* EXERCISE REQUIREMENTS
Copy out the full listing exactly, omitting any picture it contains.

* MATERIAL PROVIDED
┌──
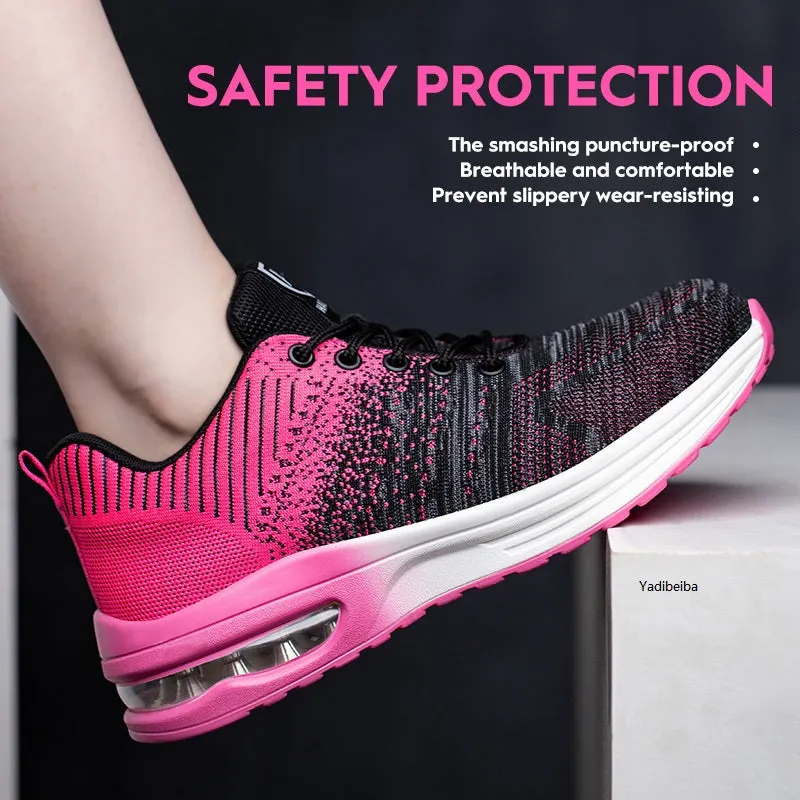 S1 Safety shoes work sneakers, steel toe, unisex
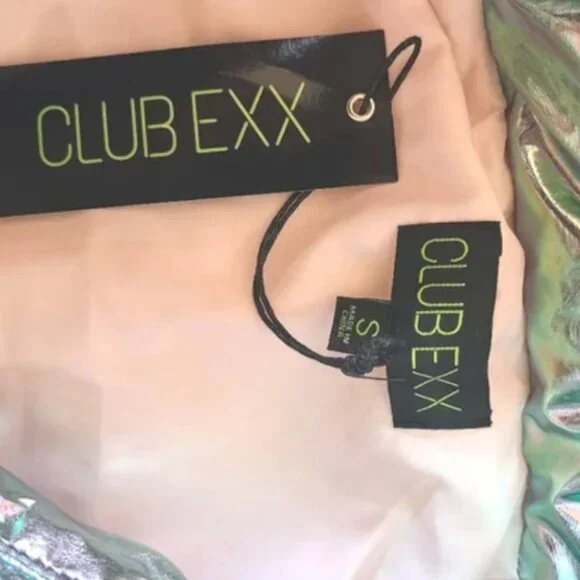 NWT Aurora Beam Holographic Snowsuit Sm Removable Sleeves Faux Fur Hood dopamine - Picture 8 of 9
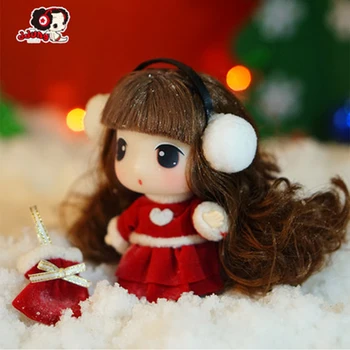 Ddung Lelli, Īstu korejiešu Pasūtījuma Rotaļlietas Princese BJD Lelles Mini Meitenes Dzimšanas dienas dāvana Atslēgu Piekariņi Ziemassvētku Rotājumi 9CM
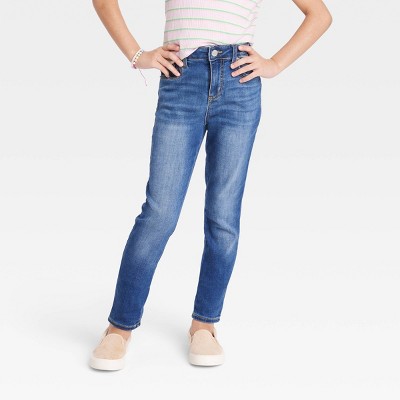 Girls' High-rise Ultimate Stretch Skinny Jeans - Cat & Jack™ Dark Wash ...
└──
* EXERCISE RESULT
 S1 Safety shoes work sneakers, steel toe, unisex
 NWT Aurora Beam Holographic Snowsuit Sm Removable Sleeves Faux Fur Hood dopamine - Picture 8 of 9
 Ddung Lelli, Īstu korejiešu Pasūtījuma Rotaļlietas Princese BJD Lelles Mini Meitenes Dzimšanas dienas dāvana Atslēgu Piekariņi Ziemassvētku Rotājumi 9CM
 Girls' High-rise Ultimate Stretch Skinny Jeans - Cat & Jack™ Dark Wash ...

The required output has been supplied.